Add evaluation_ids to a query to specify which evaluations in the group to include. If omitted, all evaluations in the group are used.
{
  "select": [
    {
      "expression": {
        "type": "AGGREGATION",
        "function": "AVG",
        "column": "overall_score",
        "source": "data"
      },
      "alias": "avg_score"
    }
  ],
  "evaluation_ids": ["eval-abc", "eval-def", "eval-ghi"]
}
This computes the average score across only the three specified evaluations, rather than all evaluations in the group.
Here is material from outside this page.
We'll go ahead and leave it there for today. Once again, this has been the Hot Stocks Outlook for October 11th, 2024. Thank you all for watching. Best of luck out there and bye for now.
Per-Aggregation evaluation_ids

Individual aggregation nodes can also specify their own evaluation_ids, which must be a subset of the query-level evaluation_ids. This allows you to compare metrics across different evaluation subsets within the same widget.
{
  "select": [
    {
      "expression": {
        "type": "AGGREGATION",
        "function": "AVG",
        "column": "overall_score",
        "source": "data",
        "evaluation_ids": ["eval-abc"]
      },
      "alias": "eval_a_avg"
    },
    {
      "expression": {
        "type": "AGGREGATION",
        "function": "AVG",
        "column": "overall_score",
        "source": "data",
        "evaluation_ids": ["eval-def"]
      },
      "alias": "eval_b_avg"
    }
  ],
  "evaluation_ids": ["eval-abc", "eval-def"]
}
Per-aggregation evaluation_ids must be a subset of the query-level evaluation_ids. The system validates this constraint and will reject queries where a per-node set includes IDs not present at the query level.

The _evaluation_id Column

A special _evaluation_id column is automatically available in evaluation group dashboard queries. This column contains the ID of the evaluation that each data row belongs to, allowing you to group or filter by evaluation source.
{
  "select": [
    {"expression": {"type": "COLUMN", "column": "_evaluation_id"}},
    {
      "expression": {"type": "AGGREGATION", "function": "AVG", "column": "overall_score", "source": "data"},
      "alias": "avg_score"
    },
    {
      "expression": {"type": "AGGREGATION", "function": "COUNT", "column": "*"},
      "alias": "item_count"
    }
  ],
  "groupBy": ["_evaluation_id"]
}
This produces a row per evaluation in the group, showing the average score and item count for each.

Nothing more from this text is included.